Große wollen unter sich bleiben |
24.05.2004 00:00 Uhr |
Unternehmen brauchen eine Lobby und deswegen müssen sie in Berlin vertreten sein. Seit einigen Wochen ist in der Hauptstadt von einem neuen Verband die Rede: „Pro Generika e.V.“ soll die Interessen eines exklusiven Zirkels von Generikaherstellern vertreten. Doch hinter den Kulissen stören die harten Bandagen des Marktes beim Schulterschluss.
Der Deutsche Generikaverband ist bislang die offizielle Vertretung der Geschäftsinteressen der durchaus überschaubaren und sich zusehends konzentrierenden Riege deutscher Generikaproduzenten. Doch mit dem Austritt von Wachstumsprimus Hexal aus dem Verband verlor der Verband nicht nur mehr und mehr Beitragszahler, sondern auch den Zugang zur Politik. Der Verband gilt seit einiger Zeit als nicht mehr handlungsfähig.
Nun hat sich Ratiopharm, die sich seit einiger Zeit um eine stärkere öffentliche Pointierung ihrer Belange in Berlin mühen, zu einer eigenen Initiative durchgerungen. Auch wenn man sich in der Ulmer Geschäftszentrale nur zu einem äußerst dünnen Statement durchringen konnte, wurde doch bestätigt, dass Pro Generika e.V. die eigenen Interessen und die anderer Hersteller vertreten solle.
Die Rede ist von den „drei Großen“ des Marktes – das sind Ratiopharm, Hexal und Stada. Ein Unternehmenssprecher der Stada hatte bereits am Montagabend gegenüber der PZ bestätigt, dass man sich an Pro Generika beteiligen wolle. Details gebe es noch nicht. Allerdings war auch in Bad Vilbel die Rede von drei Verbandsmitgliedern.

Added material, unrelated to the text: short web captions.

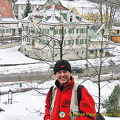 Tony views the Villa Jagerhaus and Hotel Lisl from the hill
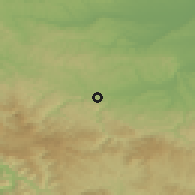Shaded relief of the 52 km around Sedlari, drawn from the GMTED2010 grid
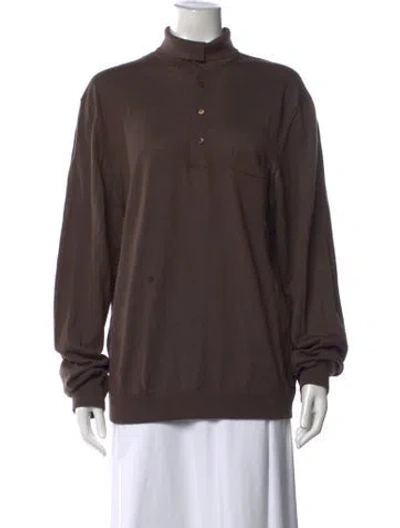 Pre-owned Lemaire Mock Neck Sweater In Brown
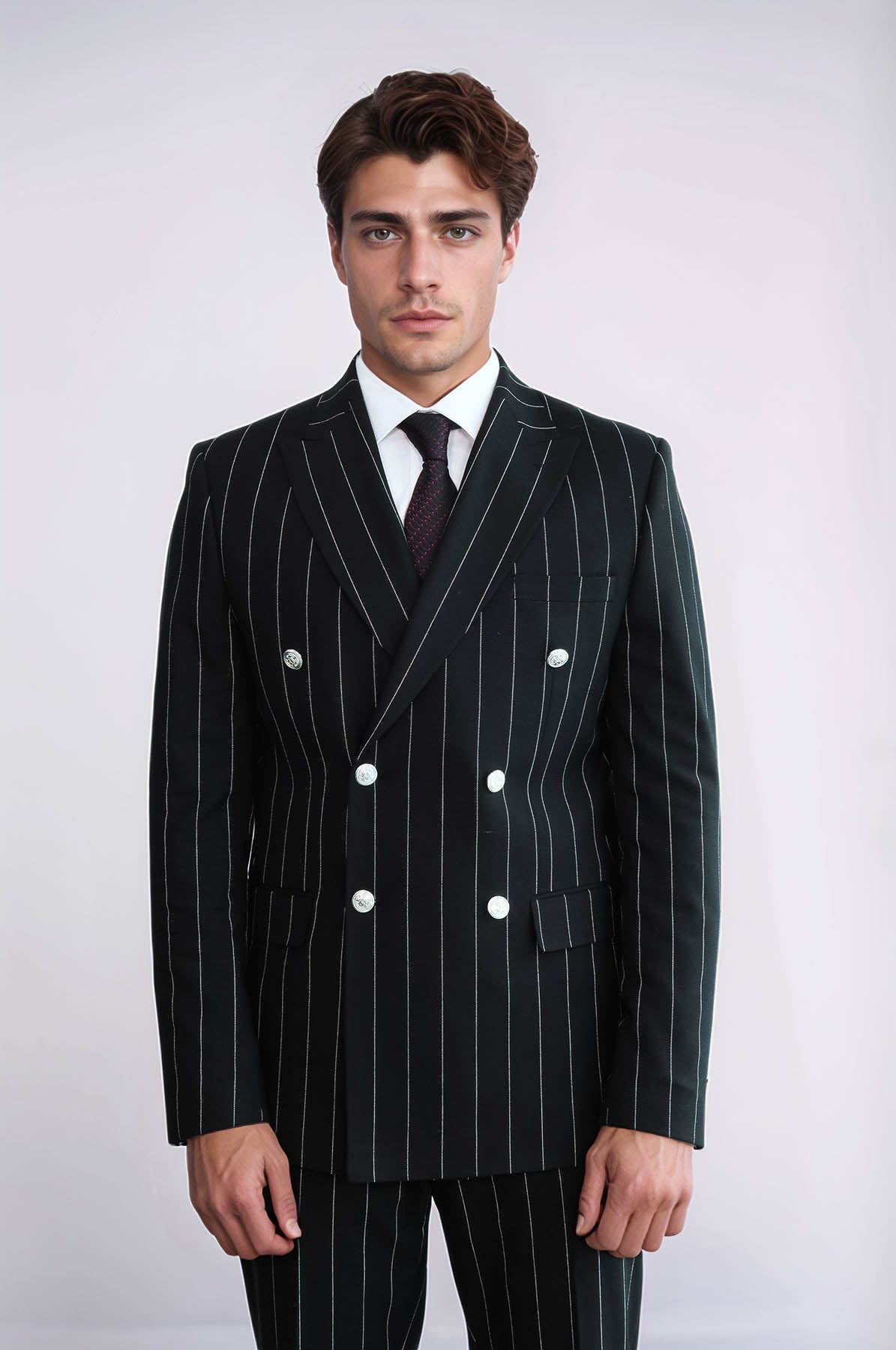 Pinstripe Double Breasted Men’s Black Suit with Silver Button Details
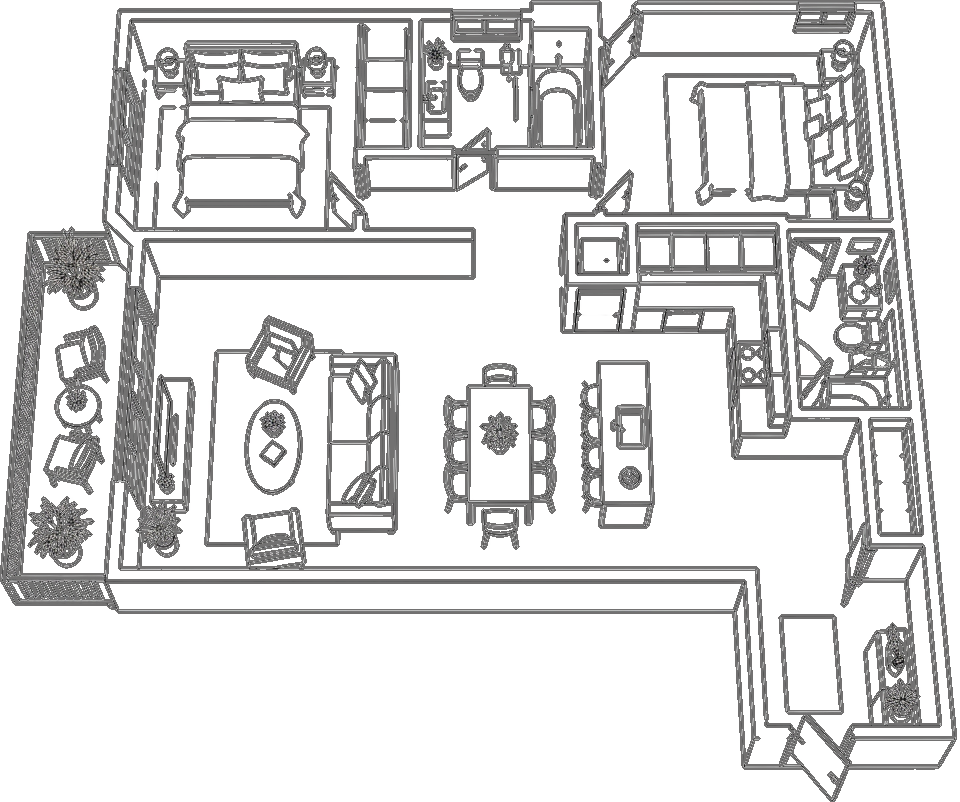 Floor Plan C floor plan — 920 square feet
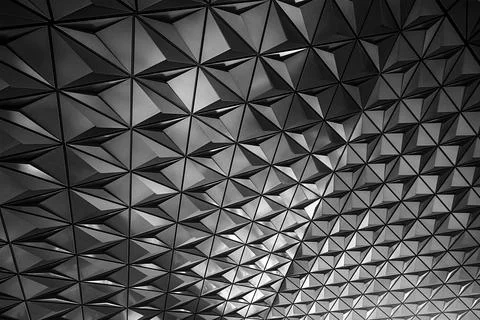 Contemporary triangle shape design modern Architecture building interior wi.. Foto stock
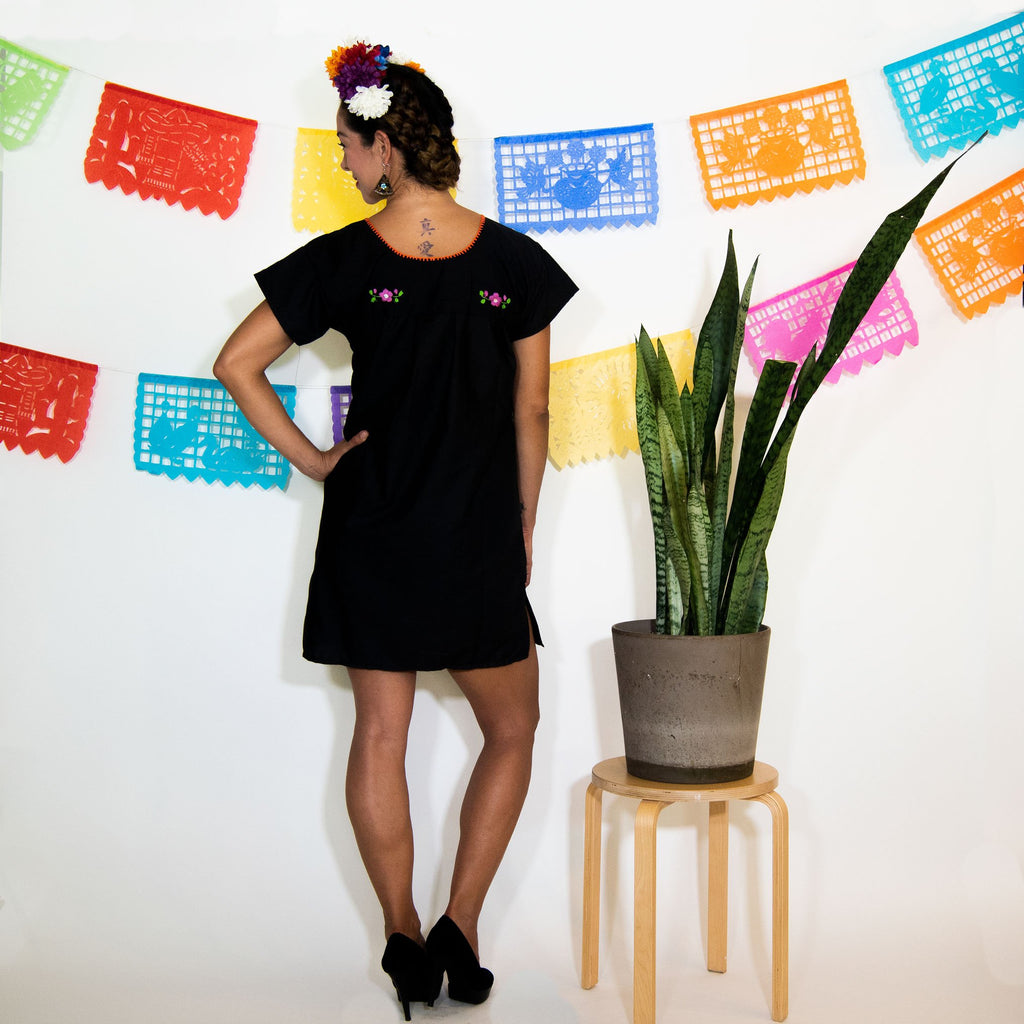 Black Mexican Dress with Multicolored Flowers.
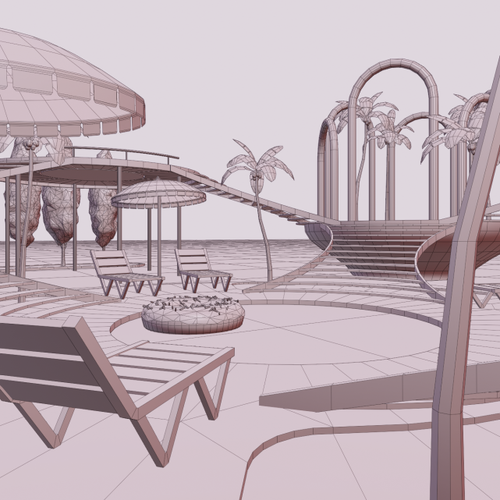 Dollhouse render 05 wireframe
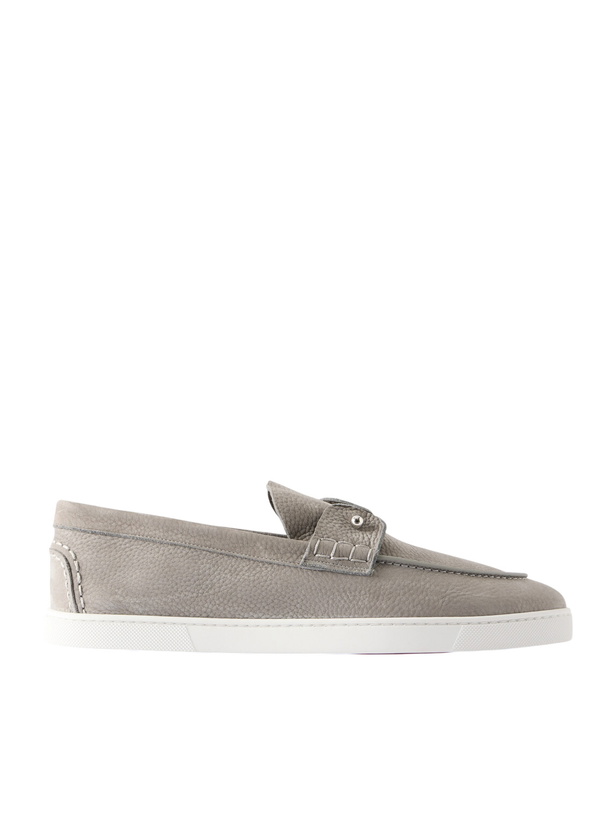 Photo: Christian Louboutin - Chambeliboat Full-Grain Nubuck Loafers - Gray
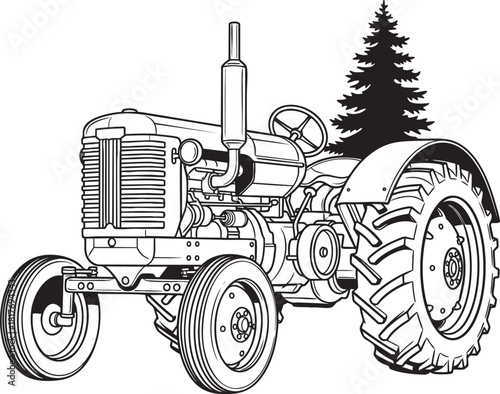 Classic vintage farm tractor detailed line art illustration black and white drawing.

Bei der Holzkirchener Hexal AG steht man dem Thema indes äußerst zwiespältig gegenüber. Nach PZ-Informationen sind die fortlaufenden Spannungen, die sich insbesondere im harten Wettstreit um Marktanteile abbilden, der Grund, warum sich Hexal nicht zu einem Engagement entschließen kann. Auch wenn man nicht ausschließen will, irgendwann einer Interessensvertretung beizutreten, gibt man sich abwartend.
Kritisch wird hier das Maß an Exklusivität betrachtet, das allem Anschein nach die Ratiopharm vorgesehen hat. Die Ulmer verkünden zwar, der Verband befinde sich „auf Initiative verschiedener Generikahersteller in der Gründungsphase“. Allerdings dürfte es nach PZ-Informationen nur die Ratiopharm selbst gewesen sein, die in Berlin Lobby betreiben will.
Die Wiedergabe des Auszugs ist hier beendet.